Every policy space that we explore has inequities and racism built into it.
Harm reduction 101
Let’s start with some basics on harm reduction. This definition from the U.S. Substance Abuse and Mental Health Service Administration (SAMHSA) outlines it very clearly:
“Harm reduction is an approach that emphasizes engaging directly with people who use drugs to prevent overdose and infectious disease transmission, improve the physical, mental, and social wellbeing of those served, and offer low-threshold options for accessing substance use disorder treatment and other health care services.”[2]

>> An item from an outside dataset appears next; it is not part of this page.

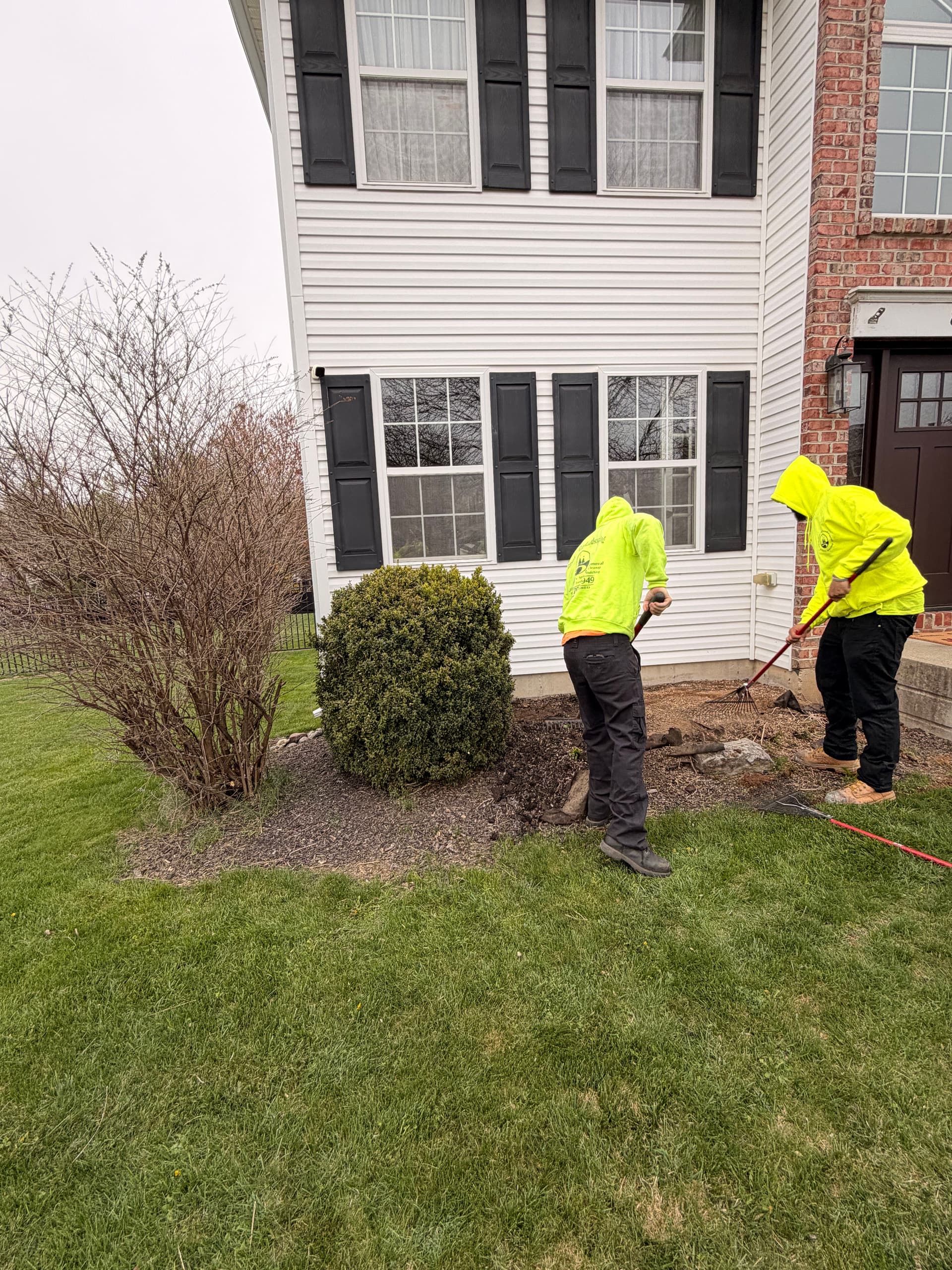 Gallery photos for Old Beds Out, Fresh Landscape Design In - Bethlehem: Image #5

In late 2021, the Biden Administration announced a grant opportunity for states, localities and organizations to support harm reduction efforts utilizing American Rescue Plan funds. President Biden has emphasized harm reduction as a part of the White House’s Office of National Drug Control Policy (ONDCP) strategy to address the ongoing opioid crisis.[3]
The harm reduction approach to people who use drugs is much more impactful, and ultimately successful in helping people connect with treatment compared to the traditional, criminalization approach that has been favored throughout the decades. And an important new element to this funding opportunity was that syringes could be purchased with federal funds, a needed policy change, to ensure that syringe services programs could distribute clean syringes as part of the overall package of services they were providing.
Biden’s needle exchange policy and the media blowback
Soon after this funding opportunity was announced, some media outlets pounced on the fact that these funds could also be used for “safe smoking kits.”[4] The grant guidelines themselves did not specify what could or would be included in the kits, but they can include supplies such as mouthpieces, lip balm, materials for filters and alcohol wipes, but are not limited to these items. This was part of an overall effort to expand allowable uses of these funds and ensure that the grantees had flexibility in their proposals to meet the needs of the communities they serve and the issues those communities were facing.
The uproar over the “safe smoking kits” immediately translated into, amongst some media outlets, “the Biden Administration is distributing crack pipes.”
You can see where this is going, right? The uproar over the “safe smoking kits” immediately translated into, amongst some media outlets, “the Biden Administration is distributing crack pipes.” This is a blatantly racist dog-whistle callback to the war on drugs in the 1980s’ (and even before) that designed different penalties based on crack versus powder cocaine. Crack was tied to harsher sentences, its usage disproportionately associated with Black and brown people, while powder cocaine was more popular among affluent white people.
Black and brown people are dying by overdose at twice the rate of white people
Evidence-based harm reduction approaches shouldn’t be driven by old, bad policy and media uproar. The grantees applying for these funds are best situated to know the needs in their communities, but ultimately there were some “clarifications” issued by the Biden Administration that funds would not be used for crack pipes.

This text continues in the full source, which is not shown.